* The task
Print, exactly as they stand, the lines below from the one that has "微信图片_201802041615533" to the one that has "Specimen from Sarawak.", inclusive, leaving out the pictures.

* Record excerpts

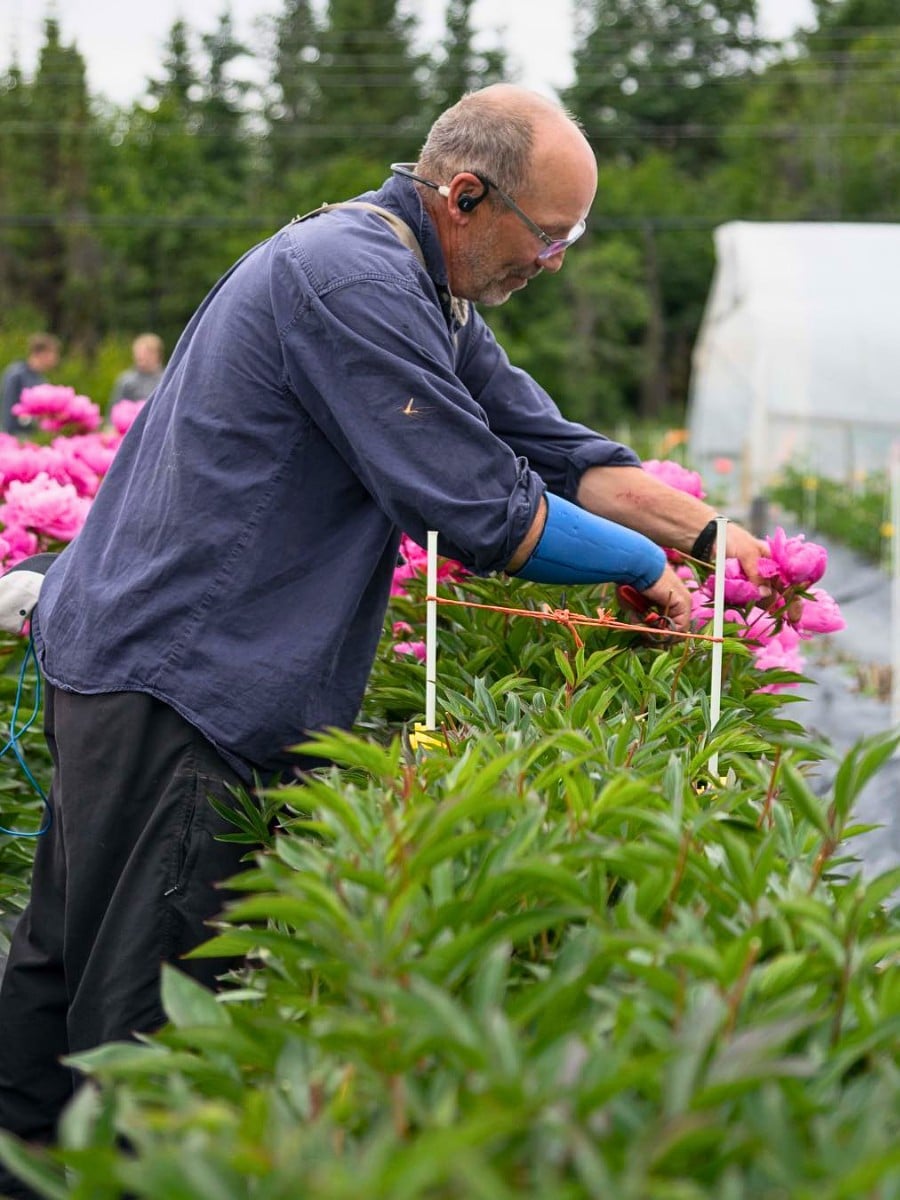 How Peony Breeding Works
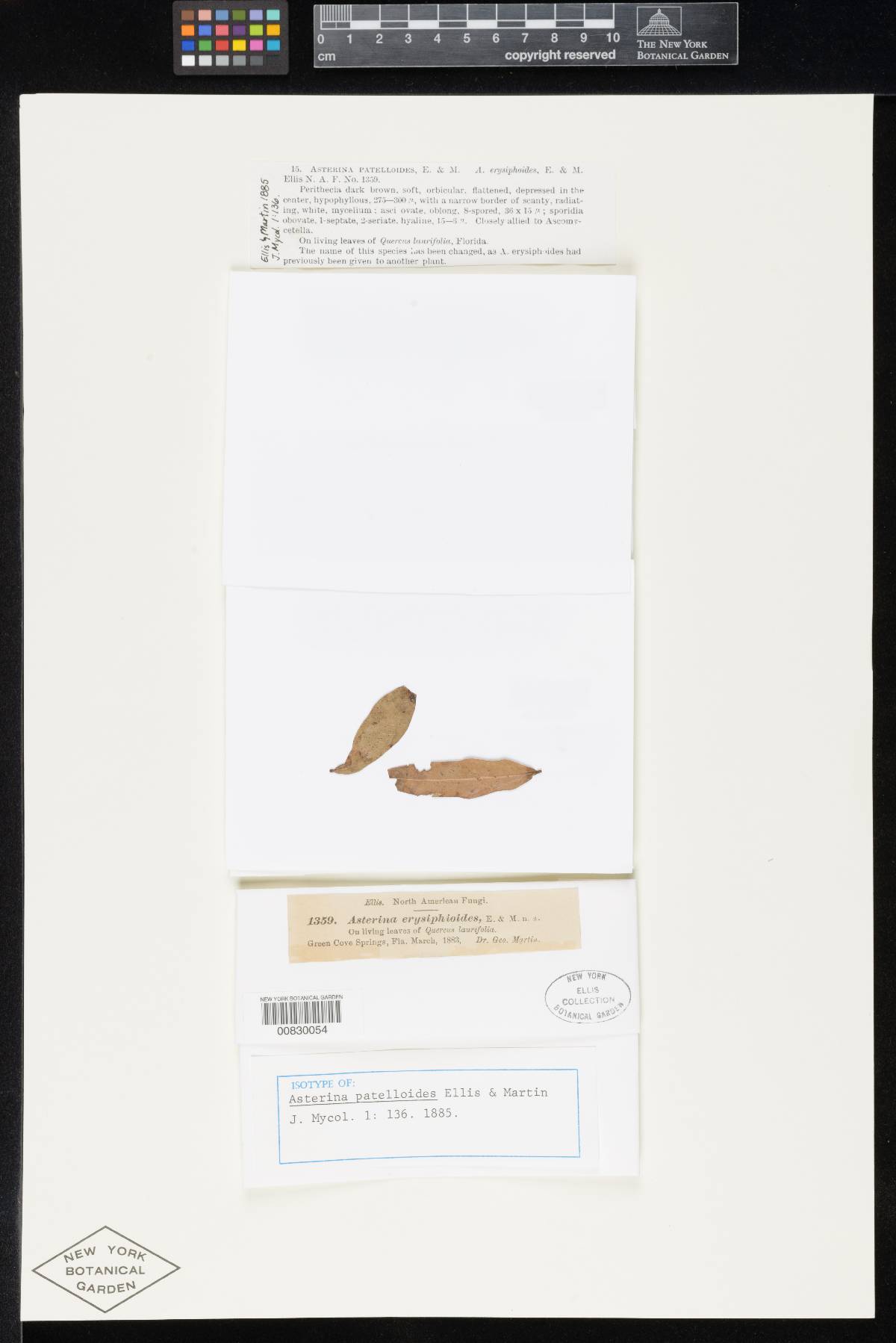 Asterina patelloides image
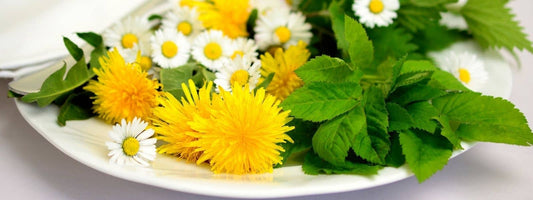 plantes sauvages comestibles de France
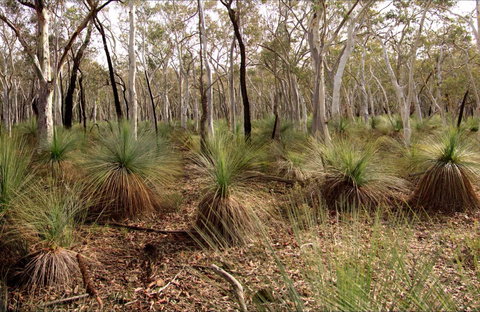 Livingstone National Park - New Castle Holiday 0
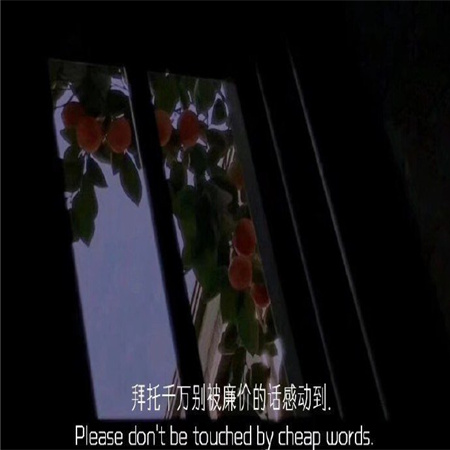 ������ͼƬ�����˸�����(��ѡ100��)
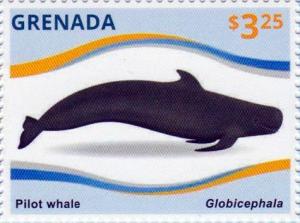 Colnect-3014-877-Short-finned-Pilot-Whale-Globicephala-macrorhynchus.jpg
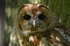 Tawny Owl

--

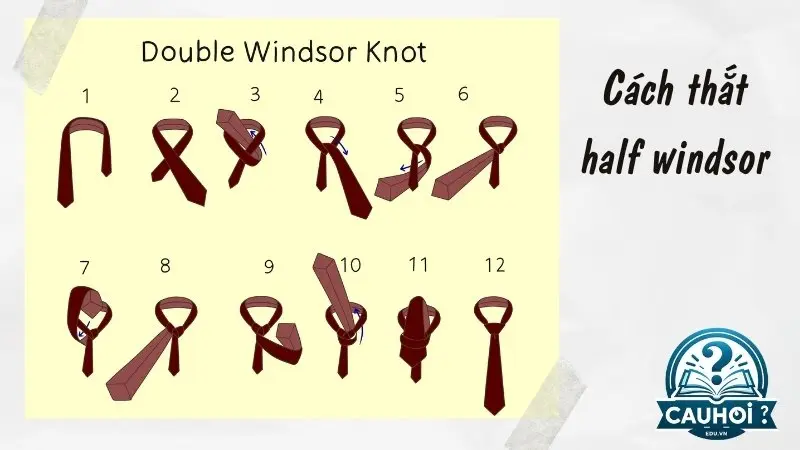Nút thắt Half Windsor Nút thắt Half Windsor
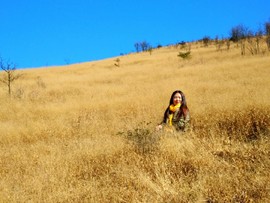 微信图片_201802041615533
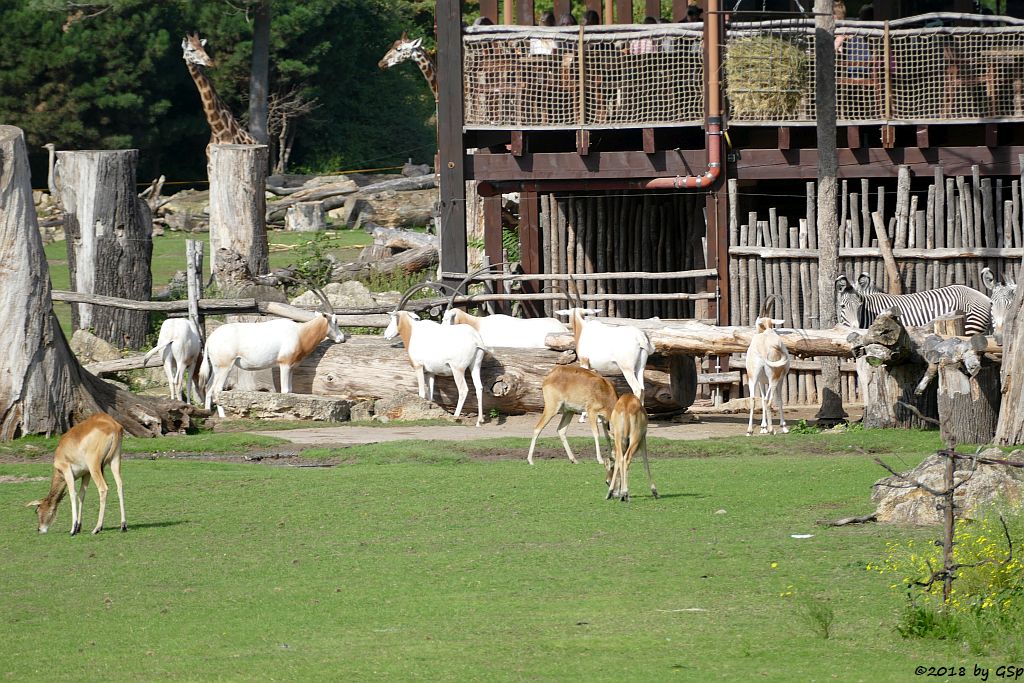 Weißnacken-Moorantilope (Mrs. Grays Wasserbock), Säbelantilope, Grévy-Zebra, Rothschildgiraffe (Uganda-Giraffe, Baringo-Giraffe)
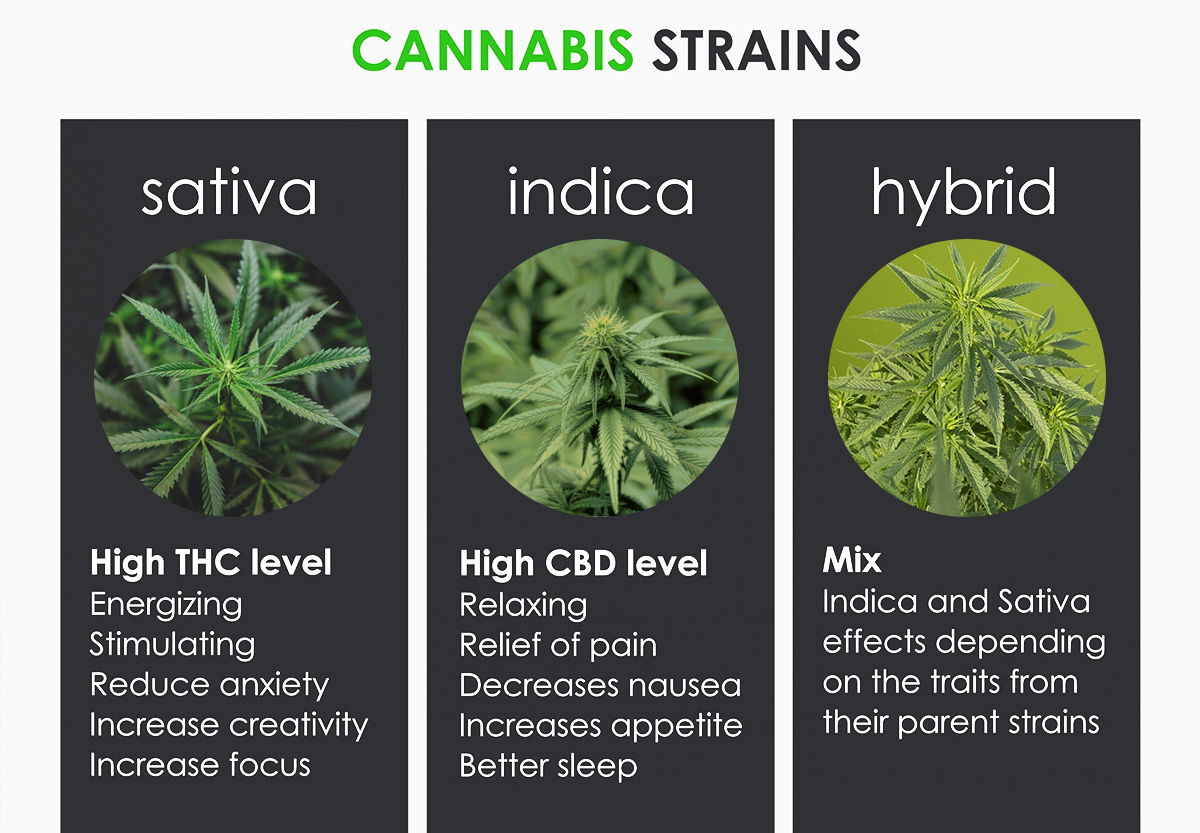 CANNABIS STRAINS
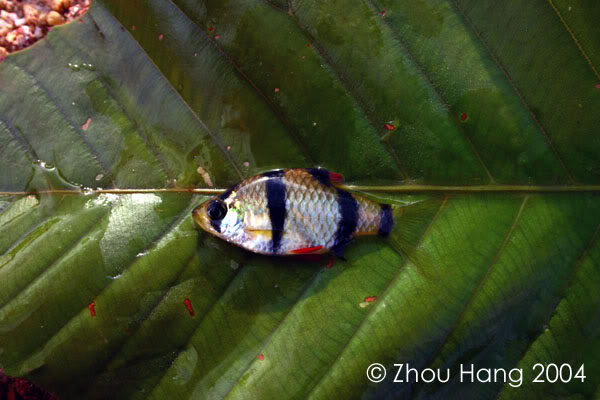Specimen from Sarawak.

---

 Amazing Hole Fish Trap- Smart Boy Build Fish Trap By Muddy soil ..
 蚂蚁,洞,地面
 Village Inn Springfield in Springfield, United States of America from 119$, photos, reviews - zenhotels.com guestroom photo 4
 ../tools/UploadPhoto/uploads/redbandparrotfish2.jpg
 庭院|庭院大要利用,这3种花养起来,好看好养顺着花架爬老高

* Task output
 微信图片_201802041615533
 Weißnacken-Moorantilope (Mrs. Grays Wasserbock), Säbelantilope, Grévy-Zebra, Rothschildgiraffe (Uganda-Giraffe, Baringo-Giraffe)
 CANNABIS STRAINS
Specimen from Sarawak.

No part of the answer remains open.